John R Posted November 15, 2017 Share Posted November 15, 2017 I can't believe I don't know this but were Sea Hawks painted in glossy, satin or flat finish? John Link to comment Share on other sites More sharing options...
JohnT Posted November 15, 2017 Share Posted November 15, 2017 (edited) If I recall correctly the one in the East Fortune museum is pretty glossy but not a high gloss. I'd go for a half way house between gloss and satin. I am not sure how representative the museum machine is. It may have been repainted for preservation purposes. Looking at it at times I thought "its satin". Then a light hits is and its glossy! I wondered if it had been a higher gloss and then just worn a bit dull in service? How you get to that effect in painting I am not sure! Mix the varnish coats maybe? I'd try a test piece though first PS just looked at the Google photos of her and she is definitely gloss cum satinish sort of.............. Have a look and you will find some times a wing looks glossy and in the next on the fuselage looks satin. Thats what I recalled seeing. I suspect I'd go for a satin finish myself if looking at an in service machine to allow for weathering Edited November 15, 2017 by JohnT additional unhelpful info! Link to comment Share on other sites More sharing options...
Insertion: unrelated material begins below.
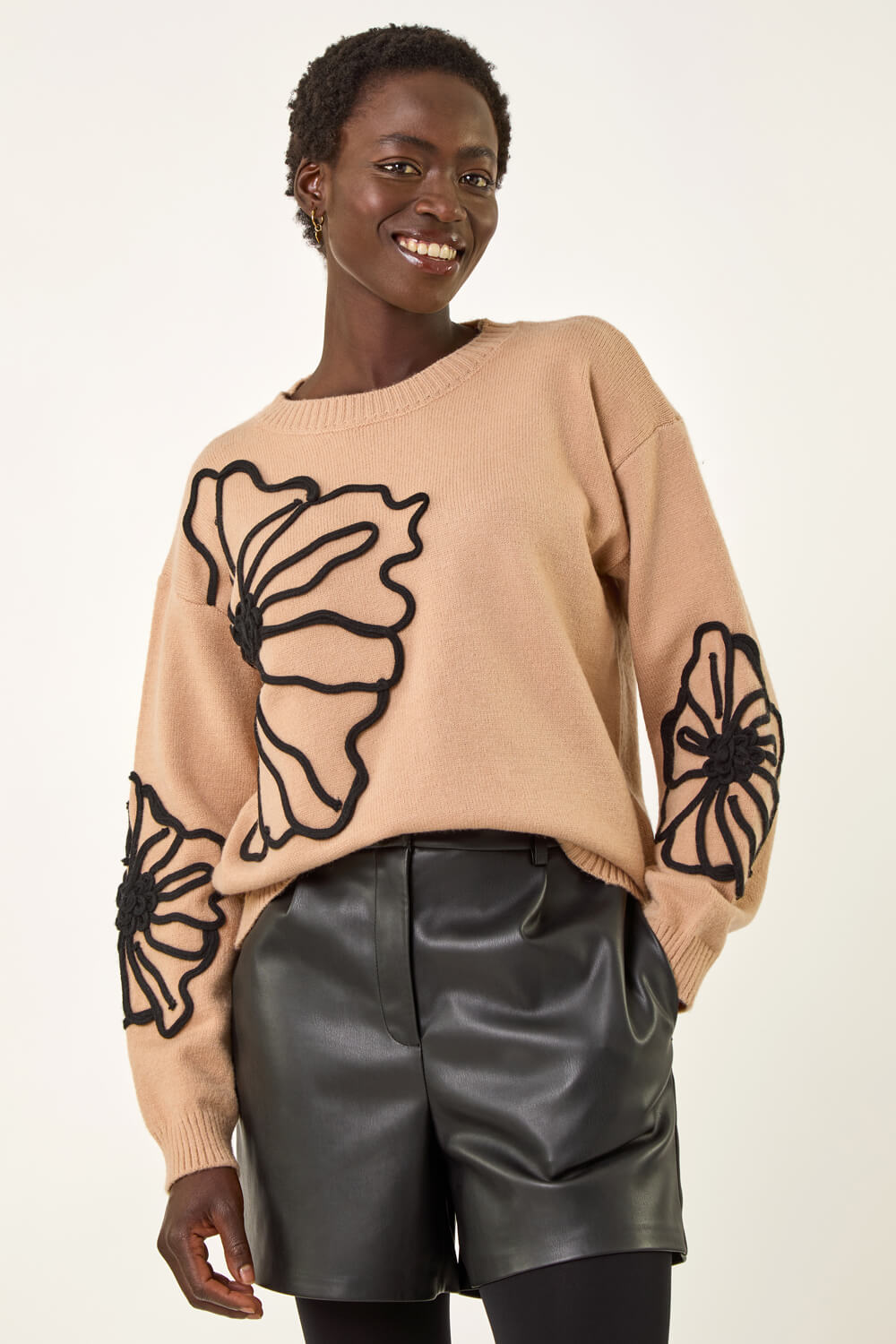 Camel  Cornelli Floral Knit Jumper, Image 1 of 5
Darby Posted November 15, 2017 Share Posted November 15, 2017 (edited) Gloss; BS5381C-638, Dark Sea Grey Gloss. That's from the I/C of the spray bay at EGDR when I enquired. They carried out the last spraying of the gate guardian there. It's what I painted my recent CA Seahawk in. My current Trumpy one is primed ready for an application of said colour. EDIT; I did knock the gloss back a bit with a slightly satin varnish finish for a scale effect. Edited November 15, 2017 by Darby Addendum Link to comment Share on other sites More sharing options...
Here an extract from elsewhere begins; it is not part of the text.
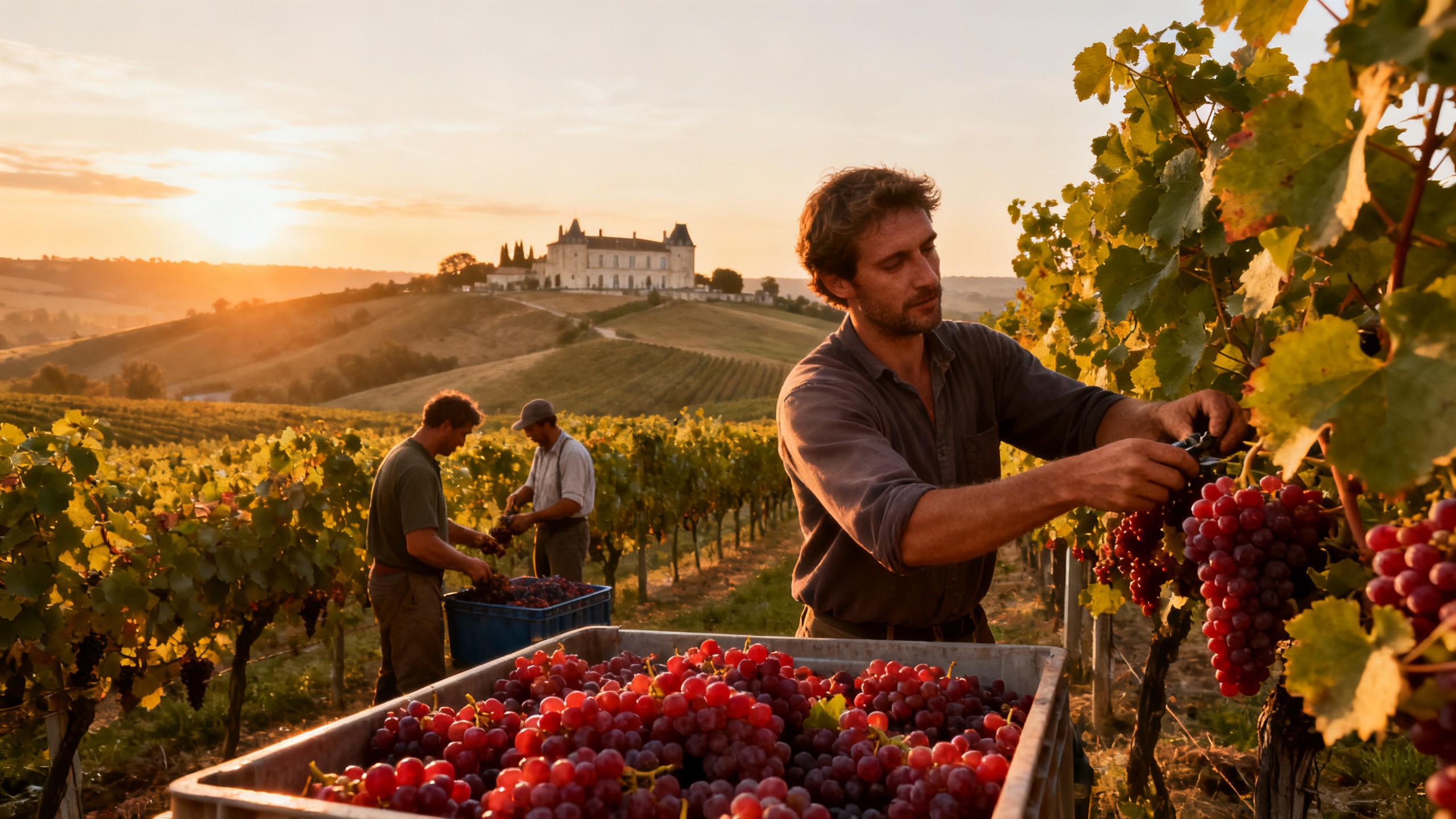 Vendanges Bordeaux 2026 - vignoble avec vendangeurs au lever du soleil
71chally Posted November 15, 2017 Share Posted November 15, 2017 They were painted in gloss paint, but didn't take long for the paint to flatten off to a satin and then patchy matt effect, especially the carrier based aircraft. I find a couple of top coats of Klear gives a good representation of a freshly painted jet. Link to comment Share on other sites More sharing options...
Colin W Posted November 27, 2017 Share Posted November 27, 2017 RAF aircraft were gloss until 1974 ish then changed to satin. RN aircraft stayed glossy up to and including the Harrier. It is worth adding a little bit of flat to avoid an unrealistic gloss for scale effect though. Colin 1 Link to comment Share on other sites More sharing options...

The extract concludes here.